Orange is also enhancing its Orange Money transfer service with a ‘cash-to-goods’ feature provided in partnership with Afrimarket, a start-up. It means users can transfer money from Europe to a partner retailer in Côte d’Ivoire, Senegal, Togo or Benin. Orange pitches this as a straightforward, instant and risk-free system to pay for groceries for parents, say, or school supplies for relatives and so on.
In Poland, Orange has started to roll out a mobile banking service, while the operator’s mobile payment offer – Orange Cash – is being pushed out to three more towns in France: Nice, Lille and Rennes. Orange Cash, in partnership with Visa Europe, allows NFC payments regardless of the user’s bank.
With repeated emphasis on digital innovation and collaboration, Richard is clearly stepping up efforts in trying to re-position the Orange brand to mean more than simply fixed and mobile connectivity in the eyes of consumers.
As part of that push, the Polaris project was unveiled. It provides a new and unified interface for every screen in the home to access services. Once you start watching a film or series on the TV, for example, it’s possible to pick up where you left off through the tablet or smartphone.

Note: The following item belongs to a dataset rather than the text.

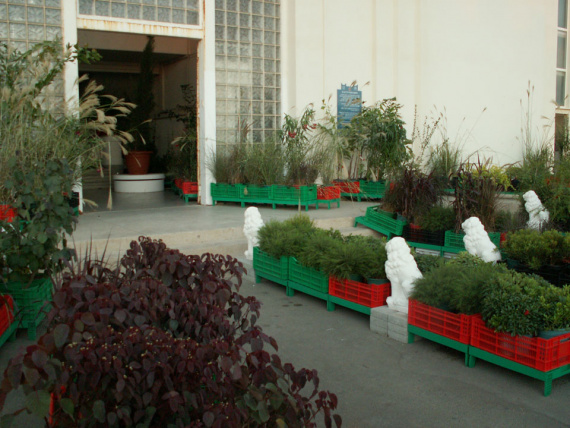 the_embarrassment_of_plants-06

Another innovation is ‘Homepoint’, to be launched in France before the end of 2014, which is not only a multimedia hub but can also give family guests easy Wi-Fi access through a short pin number.
Orange ’boutiques’ (retail stores) have also been redesigned to show off innovation in three themed areas: home, office and entertainment. The new concept stores will be opened first this year in Poland, Spain and Romania, followed by France in 2015.